Truely great player. In social media and opinion pieces he was held up and flogged for the results.
People wanted someone to crucify, and he was the captain.
He was still an immense presence respected by his peers. His battles with Siya Kolisi belong up with with Collins vs Burger in my opinion.
Unlucky to be carded in the final, but I don’t agree that his red card was the defining moment. Not when you look at the dominant performances of the Springboks (PSDT in particular.)
I think Cane should be remembered for the spirit and physicality that is special to test rugby.

Easy_Duzz-it 67 days ago

Sam was the man until he got injured .

etienne 68 days ago

I do think the media in NZ treated him badly. Sam is a legend. He is humble, a great rugby mind and leader.

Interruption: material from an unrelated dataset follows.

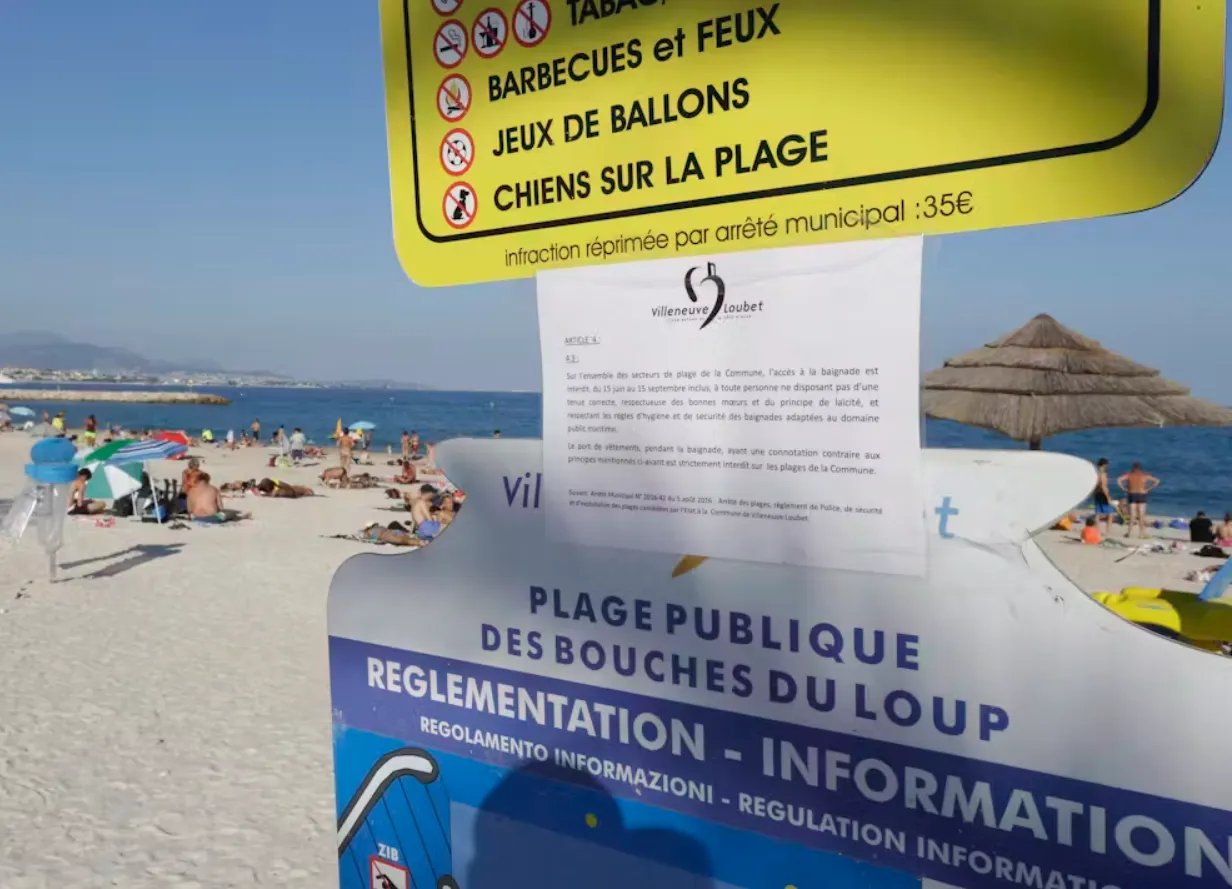  bylaw forbidding women to wear ‘burkinis’ posted at a public beach in Villeneuve-Loubet, southern France, in August 2016. France’s top administrative court later overturned the town’s bylaw amid a wave of global outrage. (AP Photo/Claude Paris)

What happened in the final could happen to anyone. The margins is so fine these days. I lay blame at the feet of the coaching staff and NZ rugby. The stats tell’s all. The AB’s was the worst disciplined side in the WC with more red and yellow cards than anyone else. Problem is NZ rugby is not training their players to play safer. And thats the danger a fast game brings. More yellow and red cards. But Sam Cane in my eye was and still is a great ambassador for the game, that just had a stroke of bad luck.

David 68 days ago

Got a lot of over the top abuse from Crusader fans, in particular, who thought every 7 they had was miles better. Now we will see if anyone is better? Laid his body on the line every game so finishing early makes sense. A lot of life left after rugby.